Wednesday, November 5, 2008


I woke up this morning with a funny feeling and I realized it was happiness. Is this what it felt like for the people of Germany when the Berlin wall came down? It is a good feeling.

Hope was in the air yesterday when I went to vote…long lines, excitement. Could this really be happening?

On the way to vote I passed a Catholic school. The 8th graders were out for recess. They were cheering and clapping for people going to and from voting. They would ask “did you vote for Obama?” and when they go a yes they high-fived each other and cheered. I thought- this is something, I want this to happen for those kids. I want that enthusiasm and hope rewarded.
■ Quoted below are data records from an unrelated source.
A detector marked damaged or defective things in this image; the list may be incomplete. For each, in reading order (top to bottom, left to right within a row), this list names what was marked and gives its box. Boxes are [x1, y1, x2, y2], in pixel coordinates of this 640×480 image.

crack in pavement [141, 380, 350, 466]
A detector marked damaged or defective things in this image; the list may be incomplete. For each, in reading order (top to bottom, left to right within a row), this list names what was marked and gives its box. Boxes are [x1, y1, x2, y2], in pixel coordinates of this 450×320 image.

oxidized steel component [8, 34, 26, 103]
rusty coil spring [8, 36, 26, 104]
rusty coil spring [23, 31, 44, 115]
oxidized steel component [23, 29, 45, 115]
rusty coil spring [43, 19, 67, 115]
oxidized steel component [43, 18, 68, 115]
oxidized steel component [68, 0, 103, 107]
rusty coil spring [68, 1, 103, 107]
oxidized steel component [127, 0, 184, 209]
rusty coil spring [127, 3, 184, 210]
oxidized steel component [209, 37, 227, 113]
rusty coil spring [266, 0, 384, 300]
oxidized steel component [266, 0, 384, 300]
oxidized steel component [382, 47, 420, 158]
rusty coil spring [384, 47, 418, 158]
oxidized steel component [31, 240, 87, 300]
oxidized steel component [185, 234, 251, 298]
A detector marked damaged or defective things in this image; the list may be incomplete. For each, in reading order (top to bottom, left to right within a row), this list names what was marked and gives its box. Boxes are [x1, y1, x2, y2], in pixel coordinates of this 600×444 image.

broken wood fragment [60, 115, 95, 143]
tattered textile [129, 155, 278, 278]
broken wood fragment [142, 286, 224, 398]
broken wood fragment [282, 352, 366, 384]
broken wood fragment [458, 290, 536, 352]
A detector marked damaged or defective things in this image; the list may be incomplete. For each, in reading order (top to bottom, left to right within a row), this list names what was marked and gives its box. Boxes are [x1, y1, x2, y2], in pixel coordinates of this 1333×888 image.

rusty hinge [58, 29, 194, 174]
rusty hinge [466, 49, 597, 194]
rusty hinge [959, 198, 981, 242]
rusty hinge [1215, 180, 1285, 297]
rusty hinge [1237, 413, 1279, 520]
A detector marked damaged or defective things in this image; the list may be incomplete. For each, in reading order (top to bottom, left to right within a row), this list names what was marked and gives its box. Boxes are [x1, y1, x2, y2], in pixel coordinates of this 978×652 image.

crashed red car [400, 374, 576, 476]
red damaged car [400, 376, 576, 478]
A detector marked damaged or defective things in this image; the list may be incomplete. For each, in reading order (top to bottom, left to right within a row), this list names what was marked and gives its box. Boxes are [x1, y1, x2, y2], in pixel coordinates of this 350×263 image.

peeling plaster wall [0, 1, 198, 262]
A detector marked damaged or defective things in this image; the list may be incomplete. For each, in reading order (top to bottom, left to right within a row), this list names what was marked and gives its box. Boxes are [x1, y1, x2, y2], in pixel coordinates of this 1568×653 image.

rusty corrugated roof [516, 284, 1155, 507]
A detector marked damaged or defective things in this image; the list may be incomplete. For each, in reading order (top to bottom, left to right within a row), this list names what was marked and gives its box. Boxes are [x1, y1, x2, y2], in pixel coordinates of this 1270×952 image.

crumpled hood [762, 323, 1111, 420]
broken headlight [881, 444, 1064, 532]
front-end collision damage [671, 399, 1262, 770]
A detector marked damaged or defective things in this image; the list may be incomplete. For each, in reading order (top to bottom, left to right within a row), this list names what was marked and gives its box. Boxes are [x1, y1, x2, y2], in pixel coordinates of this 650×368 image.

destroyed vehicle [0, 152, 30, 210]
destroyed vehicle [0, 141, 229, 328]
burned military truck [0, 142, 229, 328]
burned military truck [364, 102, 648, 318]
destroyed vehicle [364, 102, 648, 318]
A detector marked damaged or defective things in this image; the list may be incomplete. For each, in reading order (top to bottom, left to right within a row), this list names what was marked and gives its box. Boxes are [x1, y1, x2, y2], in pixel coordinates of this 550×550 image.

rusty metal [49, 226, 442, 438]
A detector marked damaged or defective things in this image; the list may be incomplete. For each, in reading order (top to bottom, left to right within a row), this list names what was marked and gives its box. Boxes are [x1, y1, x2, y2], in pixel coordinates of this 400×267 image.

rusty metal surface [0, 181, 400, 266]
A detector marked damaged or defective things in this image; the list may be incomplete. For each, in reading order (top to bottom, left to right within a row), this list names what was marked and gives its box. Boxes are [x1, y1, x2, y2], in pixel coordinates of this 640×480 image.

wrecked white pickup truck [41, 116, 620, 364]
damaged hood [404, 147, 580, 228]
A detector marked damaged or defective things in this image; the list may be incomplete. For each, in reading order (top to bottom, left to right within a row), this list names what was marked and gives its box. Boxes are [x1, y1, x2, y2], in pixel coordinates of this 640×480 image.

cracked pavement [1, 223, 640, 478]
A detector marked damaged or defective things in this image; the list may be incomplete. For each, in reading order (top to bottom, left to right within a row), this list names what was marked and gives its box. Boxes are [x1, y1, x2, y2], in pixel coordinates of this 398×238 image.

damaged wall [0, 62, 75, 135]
The future voters deserve this as much as the current voters.

But would it happen? I voted I got a tear in my eye; I walked by the kids and got high- fived. I got another tear in my eye.

Many years ago I was a Catholic school kid cheering people on to vote and then Reagan won. I didn’t understand. I remember seeing all the old Republicans cheering, wearing weird straw hats and red white and blue vests. I was so disappointed.

I’m happy to know that this year’s group of Catholic school kids got their wish. And I suppose the little school kid inside me finally got what she wanted too.

Thank you Americans.

Gracie Allen
© 2008

Dear President-Elect

Congratulations. Guerrilla Girls On Tour takes partial credit for your being elected the 44th President of the United States.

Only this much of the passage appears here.